Provided material:
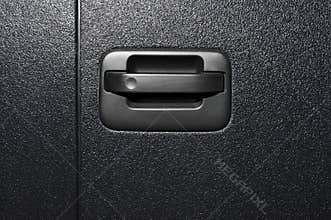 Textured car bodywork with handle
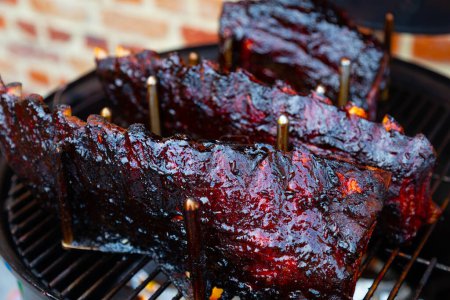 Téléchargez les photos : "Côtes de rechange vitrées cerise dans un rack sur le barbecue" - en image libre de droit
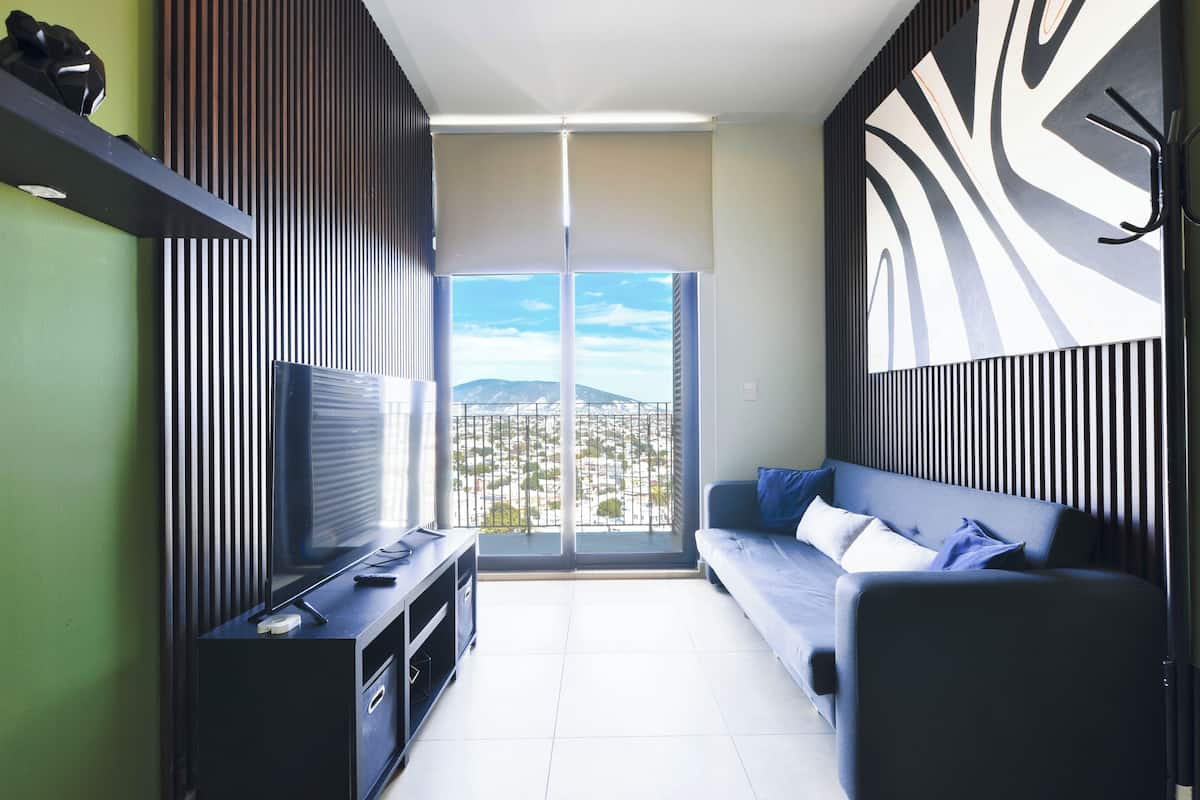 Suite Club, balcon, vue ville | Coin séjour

Exercise prompt: When you copy the listing above, reproduce every line exactly and skip the images.

Result of the task:
 Textured car bodywork with handle
 Téléchargez les photos : "Côtes de rechange vitrées cerise dans un rack sur le barbecue" - en image libre de droit
 Suite Club, balcon, vue ville | Coin séjour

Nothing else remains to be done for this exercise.